Et puis, donc, il y a le monde « d'en Haut », celui des lobbies et de l'État, à la fois magouilleurs et protecteurs. Une ambivalence de plus qui offre de beaux retournements de situation.
Ces deux mondes ne se rencontrent jamais frontalement, mais sont étroitement liés. Les actions de l'un engendrent inévitablement des conséquences sur l'autre, et vice versa.
Thierry Gautret de la Moricière exploite à fond cette sorte de danse sociétale, de telle façon que, jusqu'à la dernière ligne, nous ignorons comment va se clôturer le récit. Et quelle dernière ligne ! Un régal machiavélique, tout simplement !

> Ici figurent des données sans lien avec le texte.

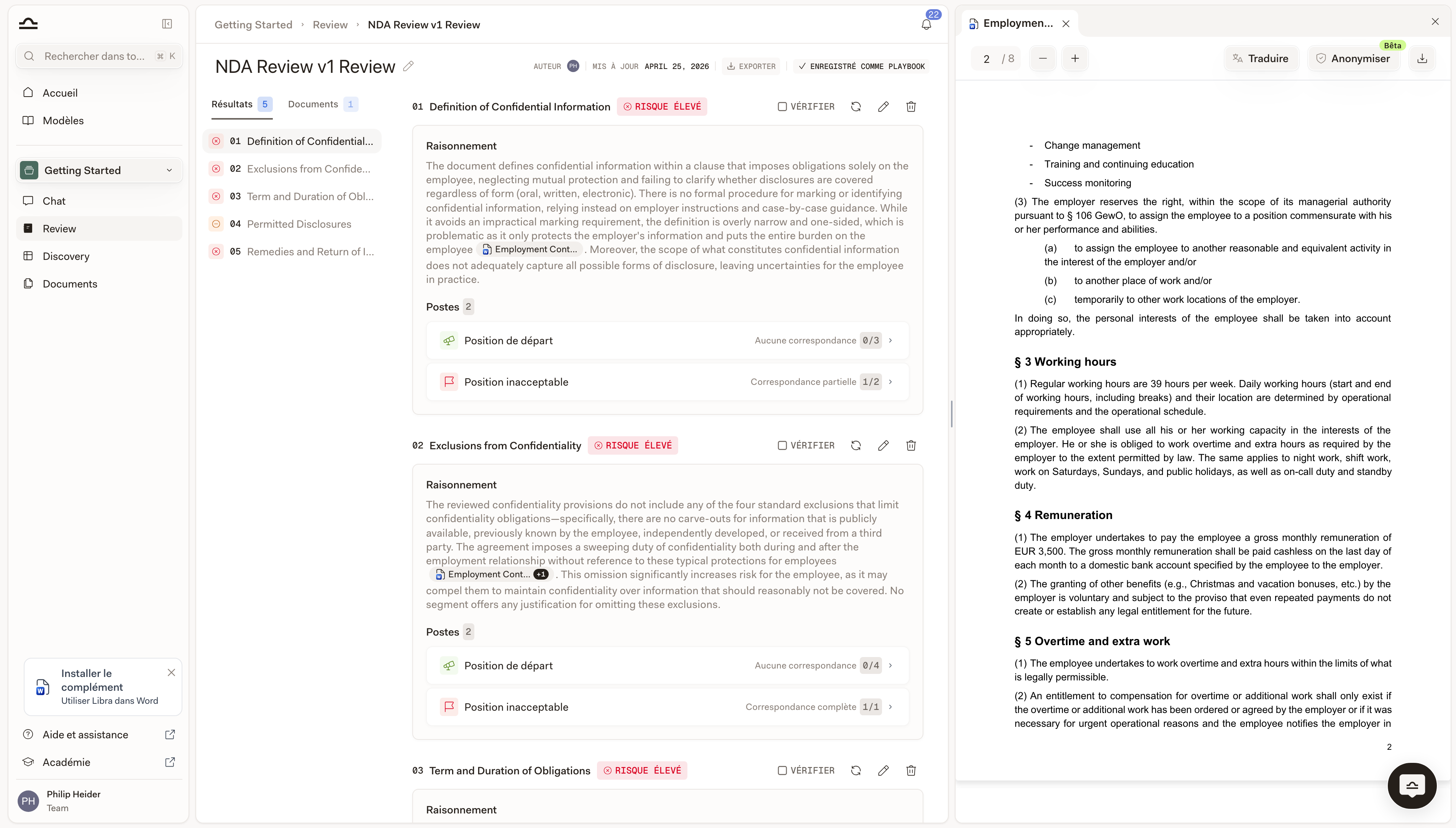 La page Review complète : des Thèmes numérotés avec des badges Aucun risque et Risque moyen, un bloc Raisonnement avec des citations numérotées, et Enregistrer comme Playbook dans l'en-tête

Côté personnage, il y a Renée, cette sage-femme, ce grain de sable qui n'a même pas conscience d'en être un. Les blessures de son passé la poussent à agir dans le présent. Un message qui invite le lecteur à se poser des questions quant à ses propres choix ! Petite mention aux Antilles, qui s'invitent au fil des pages et apportent à la fois tristesse et réconfort.

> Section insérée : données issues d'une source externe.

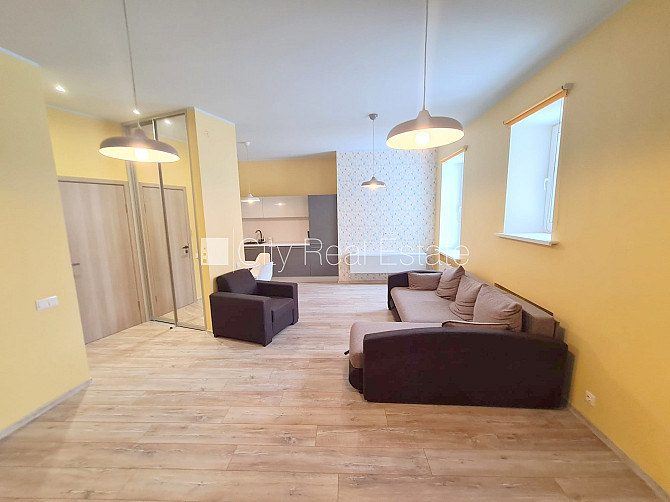 Jaunceltne, renovēta māja, ieeja no ielas, ir lifts, kāpņu telpa pēc kapitālā remonta, Rīga - foto 3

Dans l'ensemble, les protagonistes sont donc bien construits. Ils jouent leur rôle, interviennent dans l'intrigue pour créer du suspens et des rebondissements. Ainsi, l'intrigue est intéressante et bien menée.
Thierry Gautret de la Moricière dévoile un style travaillé, où l'on perçoit des mots sélectionnés avec soin. Les dialogues manquent un peu d'émotions à mon sens, mais les descriptions, tant des décors que de l'humanité ou encore de notre société patriarcale et capitaliste, sont très bien écrites. Ce roman ne se veut pas pour autant antisystème, mais pose quelques questions qui méritent réflexion.
Une belle découverte pour moi que je recommande aux lecteurs et lectrices qui ont envie de lire un livre « poussé », aux idéaux explicités et argumentés.